Par Baya TRAORÉ
Bamako, 25 juin (AMAP) Ousmane Diarra et Assitan Kéita sont mariés depuis plus de 10 ans. Le couple a accepté de nous parler, l’un en présence de l’autre, dans une scène digne de joutes verbales, du vieux sujet de controverse du prix de condiments,
Au sein des couples, ce montant fixé, conventionnellement, à charge pour le mari de remettre à son épouse, tous les matins ou tous les mois, est parfois, un thème de plaisanterie entre époux ou, souvent, carrément, de dispute entre eux.
« Assitan, chaque fois que tu prépares, je te remets 2.000 Fcfa. Tu ne complètes pas le prix de condiments.
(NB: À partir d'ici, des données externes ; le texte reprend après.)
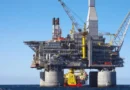 Oil Resumption: Group warns against threat to ongoing peace dialogue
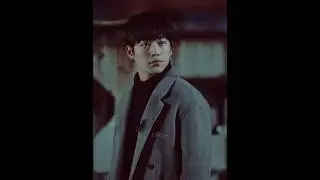 Уб*ли любимого 💔Ты тоже человек #дорамы #тытожечеловек #kdrama #дорамы2024 #фильмы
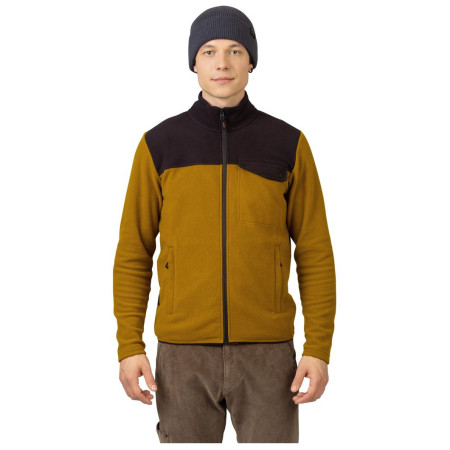 Pánska funkčná mikina Hannah Bert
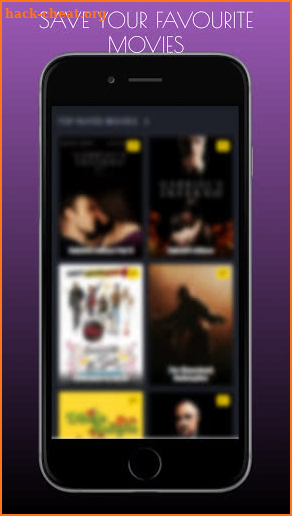 Movie box pro free movies 2021 screenshot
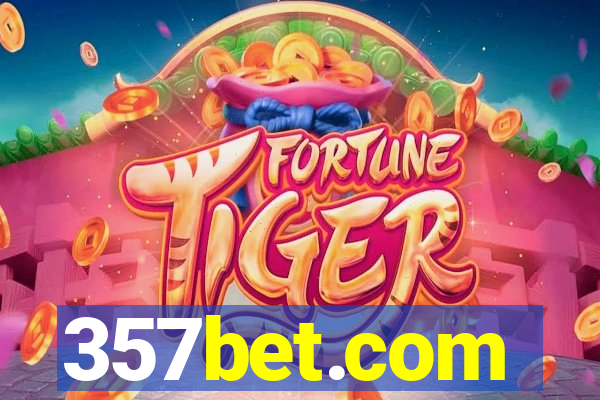 357bet.com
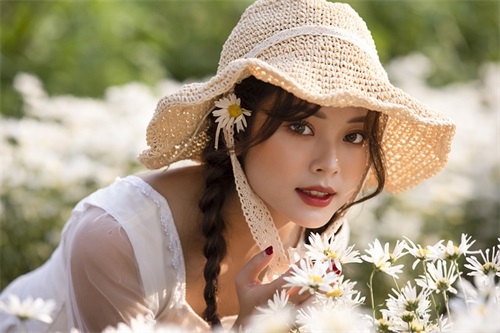 微信网名男美发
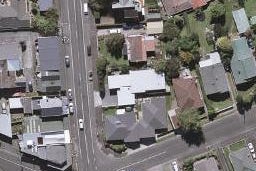 131 Carrington Street, Lower Vogeltown, New Plymouth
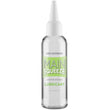 "Main Squeeze - Water Based - 3.4 Fl. Oz. Bulk DJ5205-01-BU"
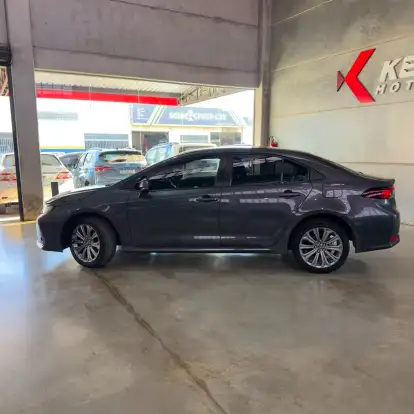 TOYOTA-COROLLA-2022
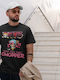 One Piece Chopper Tshirt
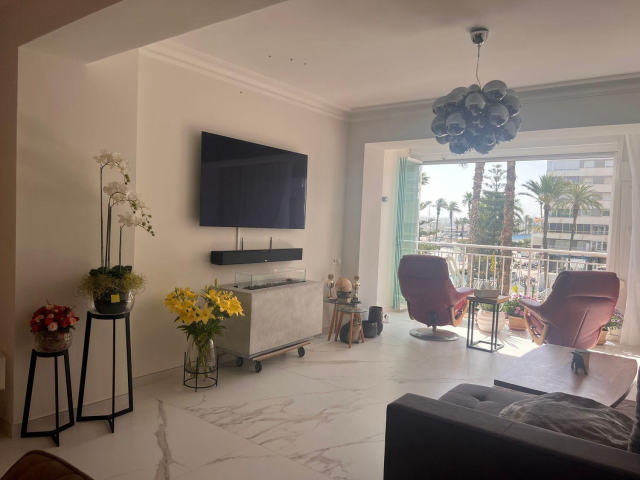 Apartment for sale, Torrevieja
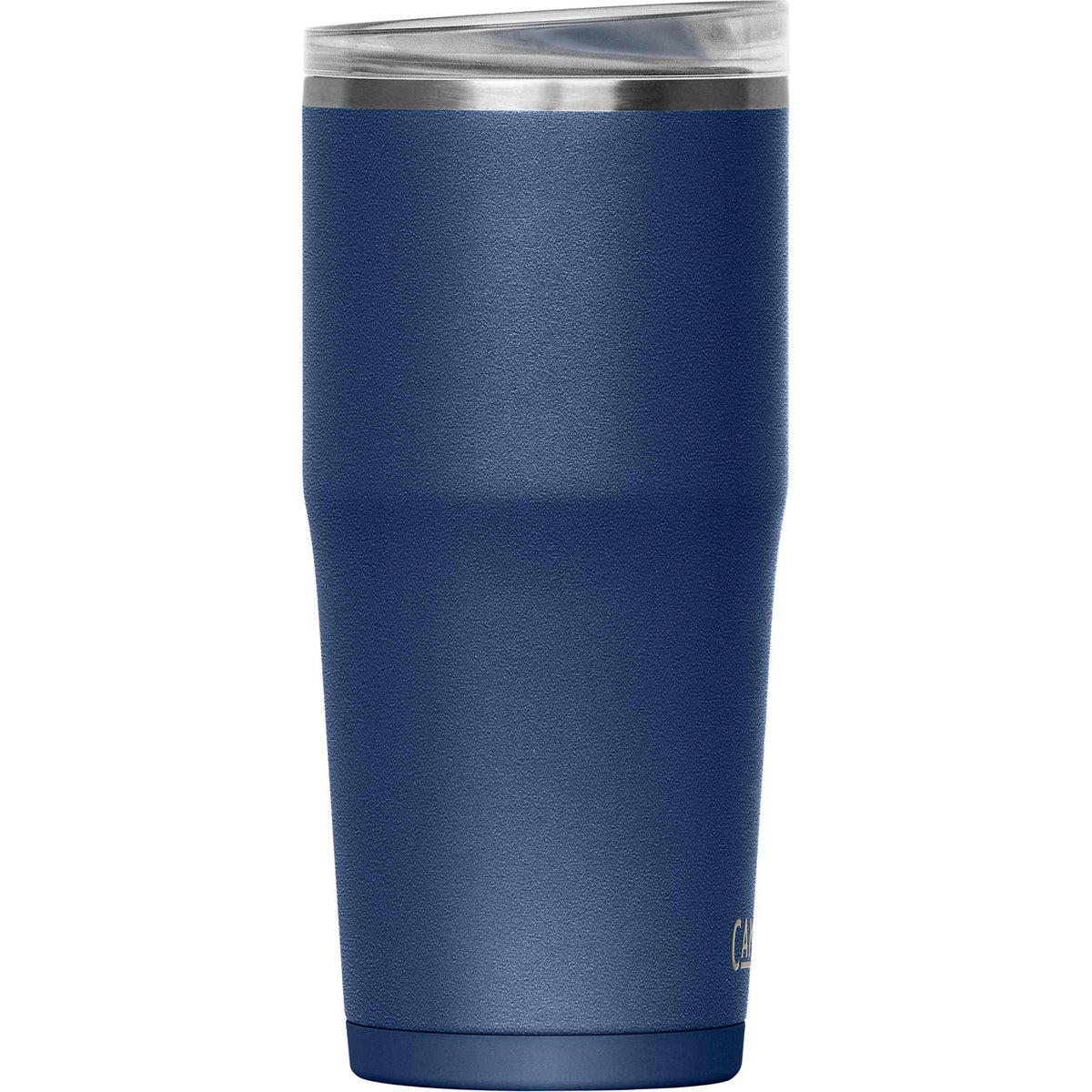 CamelBak Thrive Leak-Proof Tumbler, 20 oz - Navy - Right Side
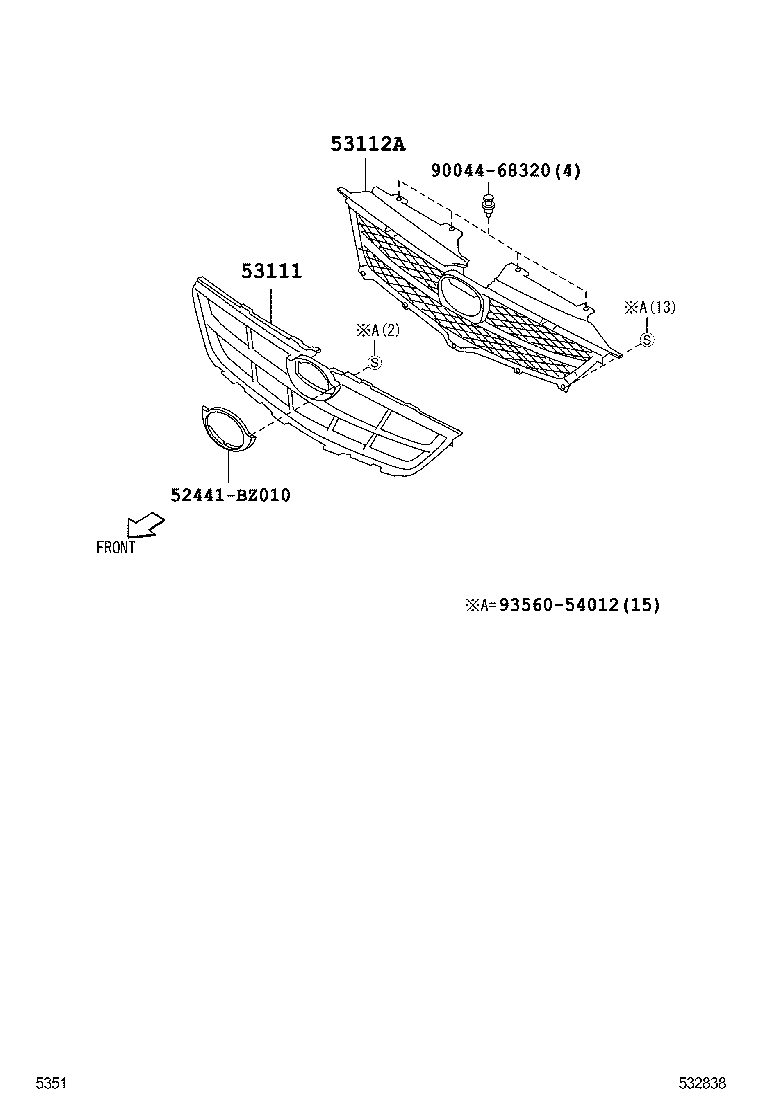 Figure 532838
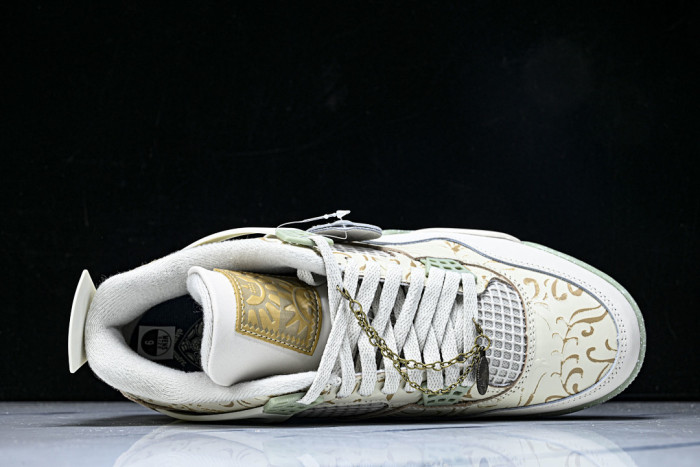 Air Jordan 4 Retro SE Somos Eternos IM8116-047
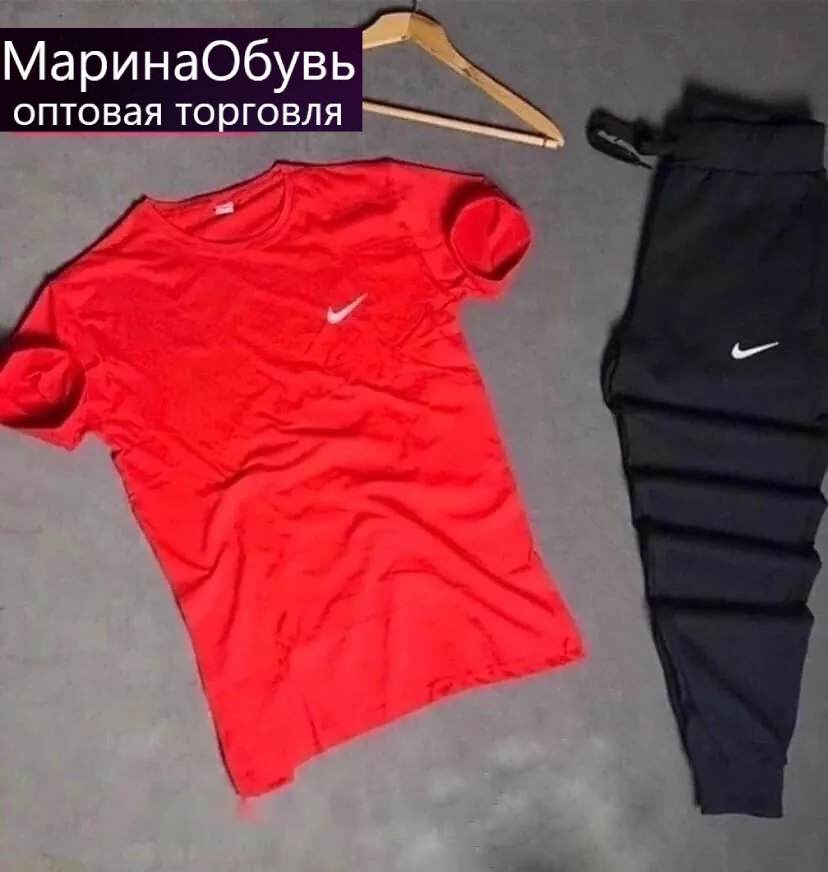 картинка Костюм двойка от магазина Одежда+
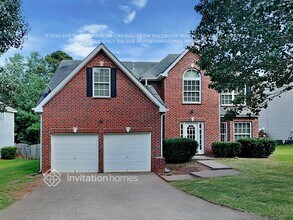 Building Photo - 4287 Arnolds Mill Overpass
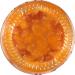 MELINDA'S GARLIC HOT SAUCE - Buy Online on GoSupps.com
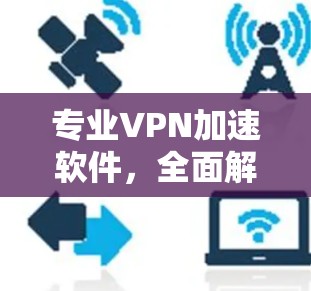 专业VPN加速软件，全面解析与实用技巧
Tu utilises une partie de cet argent à d’autres fins», dit le mari à son épouse. Alerte, la femme répond aussitôt à l’accusation, soutenant qu’avec 2.000 Fcfa, elle achète un demi kilogramme de viande à 1.500 Fcfa et le bois à 500 Fcfa. Ainsi, le tour du montant est fait. «Après, je complète pour acheter de la pâte d’arachide à 700 Fcfa, des légumes et autres condiments à 400 Fcfa», réplique Assitan Kéita, en enfonçant le clou. En réponse à son époux qui soutient revenir à la maison, parfois, avec des légumes ou de la viande, la dame rétorque : «Tu peux rester six mois sans apporter de condiments. Donc, acceptes que je complète ton prix de condiments ».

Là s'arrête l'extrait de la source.